# PROBLEM TO WORK ON
Please retype the records below exactly, from the first line through the line containing "Room Furniture' 1200x1200_991bcdc4-c59d-494a-ae04-3d29bd7048a6", and leave out any pictures.

[Captioned web image data]
#####

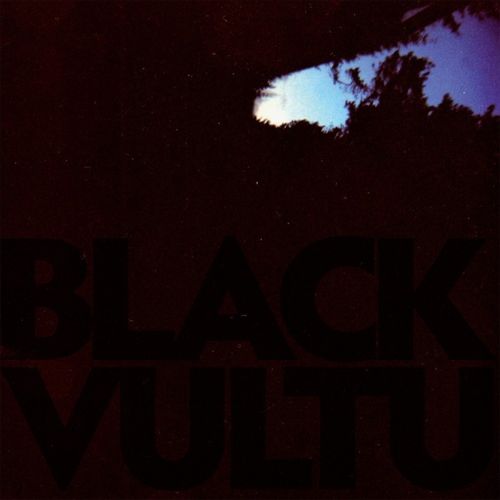 Black Vultures cover art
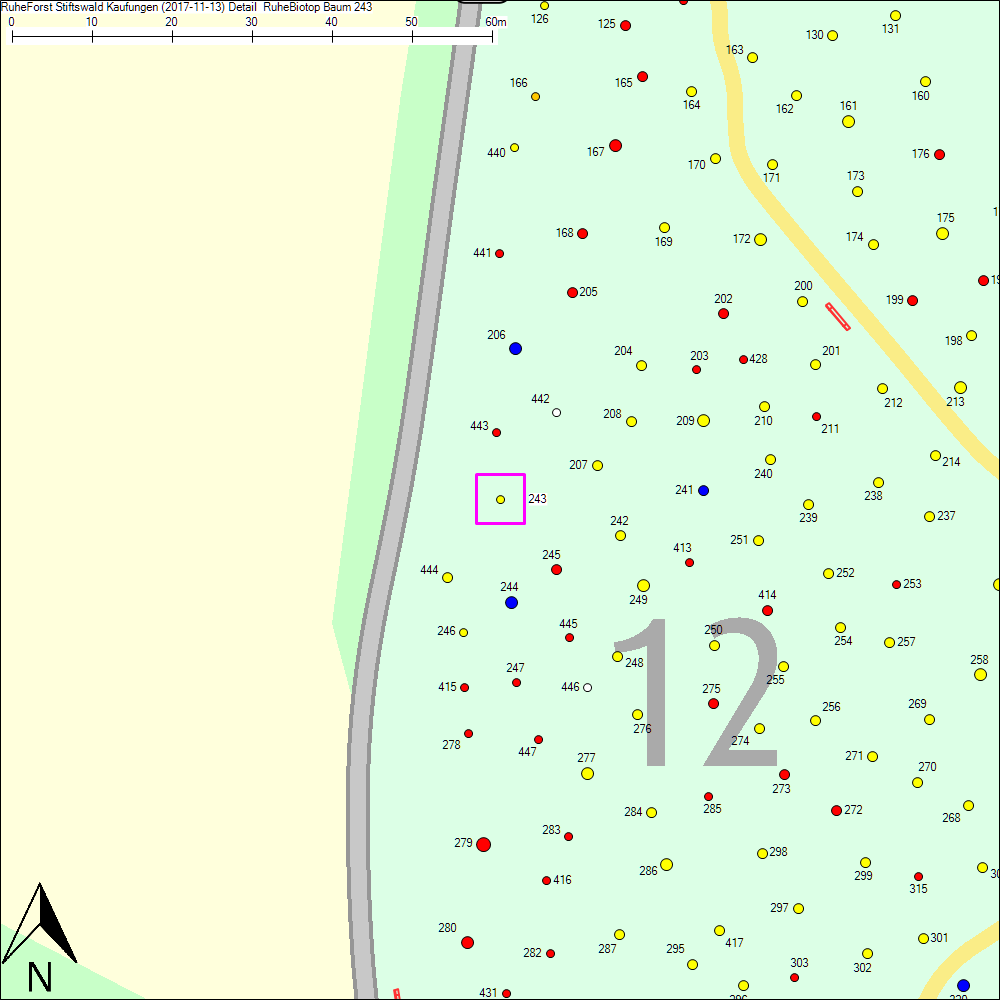 Detailkarte zu Baum 243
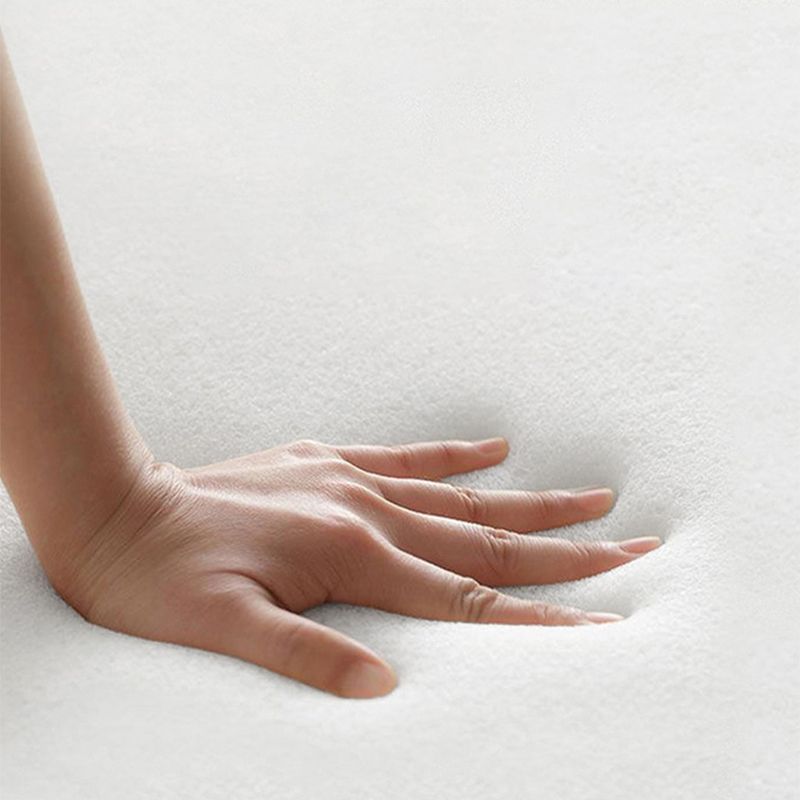 Contemporary 33.46" H Cotton Blend Armless Sleeper Sofa Bed in Beige Clearhalo 'furn' 'furn_futons' 'Furniture' 'Futons & Daybeds' 'Futons' 'Living Room Furniture' 1200x1200_991bcdc4-c59d-494a-ae04-3d29bd7048a6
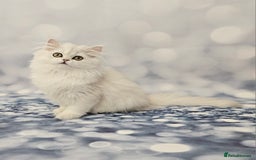 British Longhair cats for sale: Excellent Scottish straight Highland Kittens - Image 6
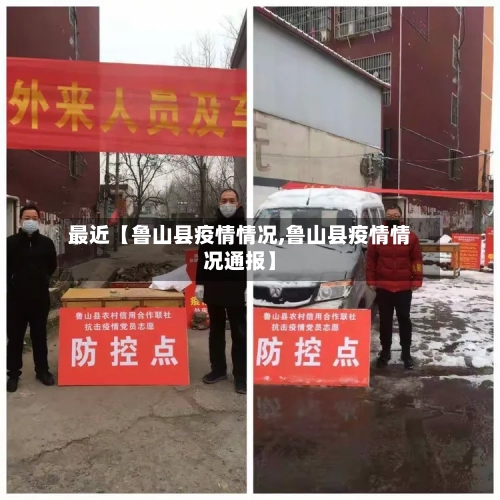最近【鲁山县疫情情况,鲁山县疫情情况通报】-第3张图片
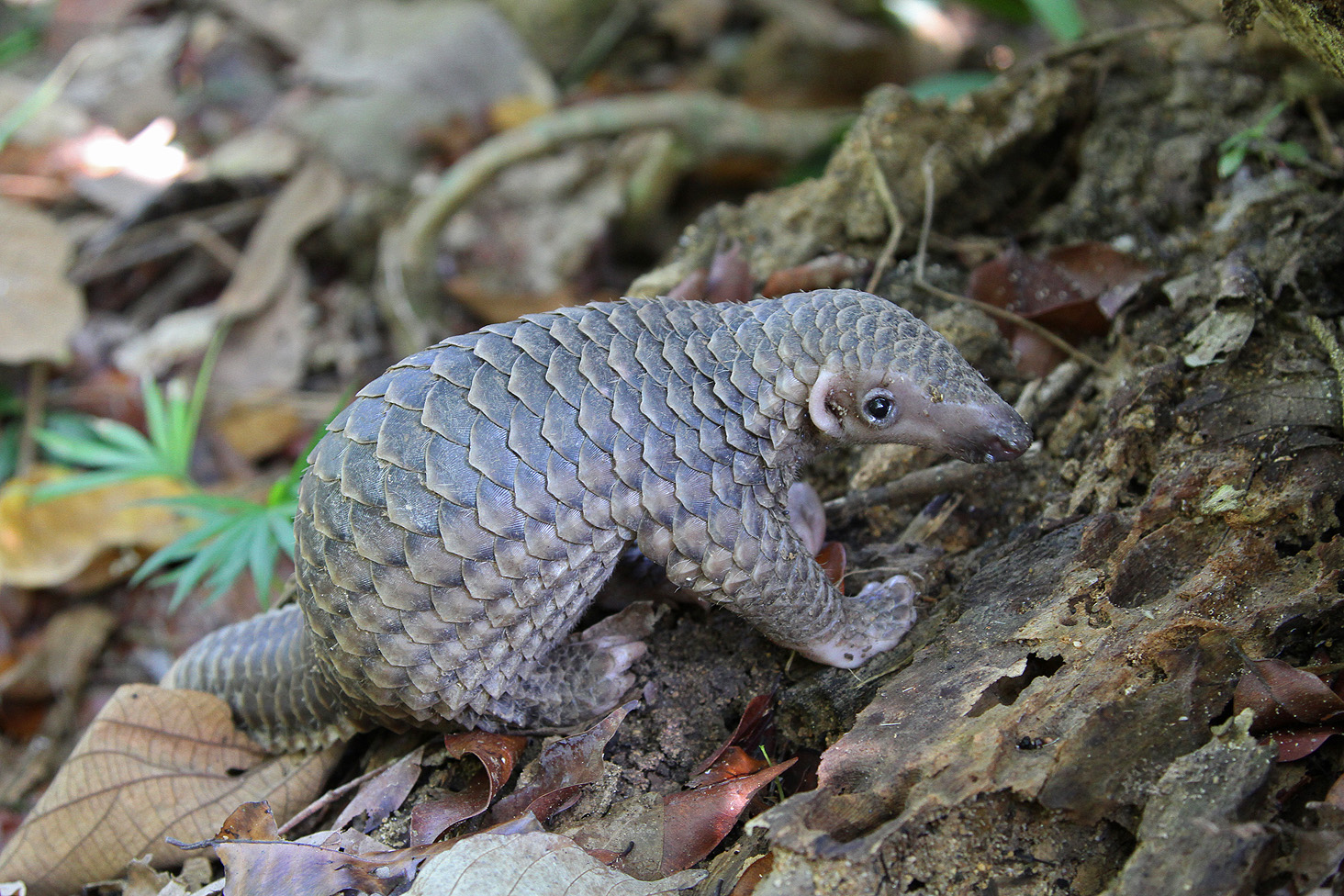 Sunda pangolin (Manis javanica)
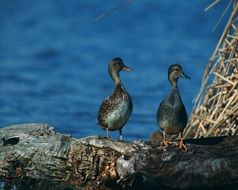 two wild ducks near blue water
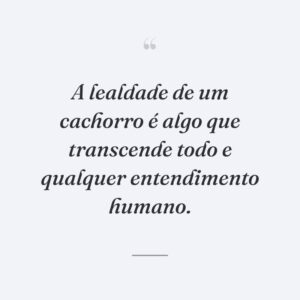 A lealdade de um cachorro é algo que transcende todo e qualquer entendimento humano.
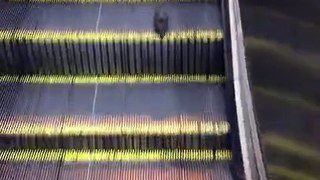 LiveLeak.com - Rodent treadmill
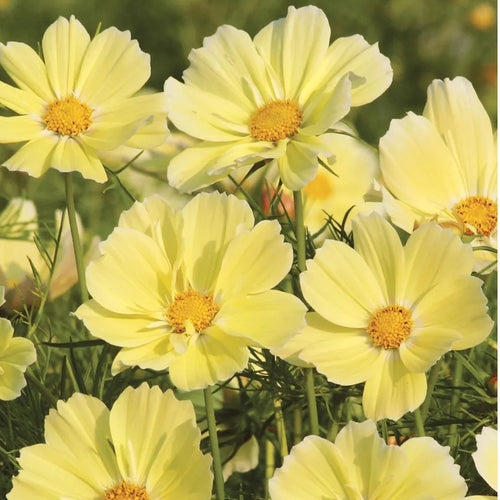 Cosmos Seeds - Yellow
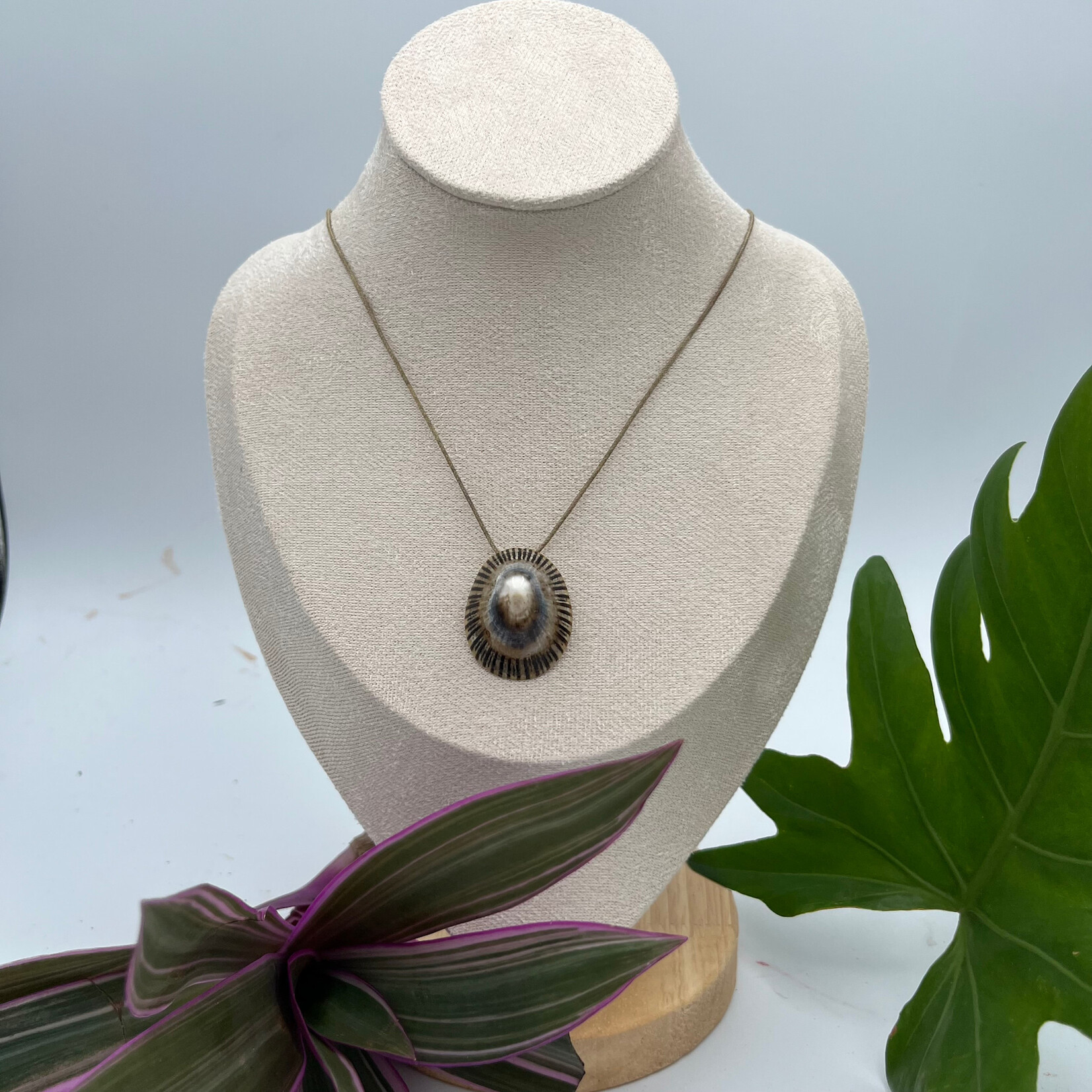 Mission Zero ReLoved - Polished Kauai Opihi w/Kauai Puka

#####

# TASK SOLUTION
 Black Vultures cover art
 Detailkarte zu Baum 243
 Contemporary 33.46" H Cotton Blend Armless Sleeper Sofa Bed in Beige Clearhalo 'furn' 'furn_futons' 'Furniture' 'Futons & Daybeds' 'Futons' 'Living Room Furniture' 1200x1200_991bcdc4-c59d-494a-ae04-3d29bd7048a6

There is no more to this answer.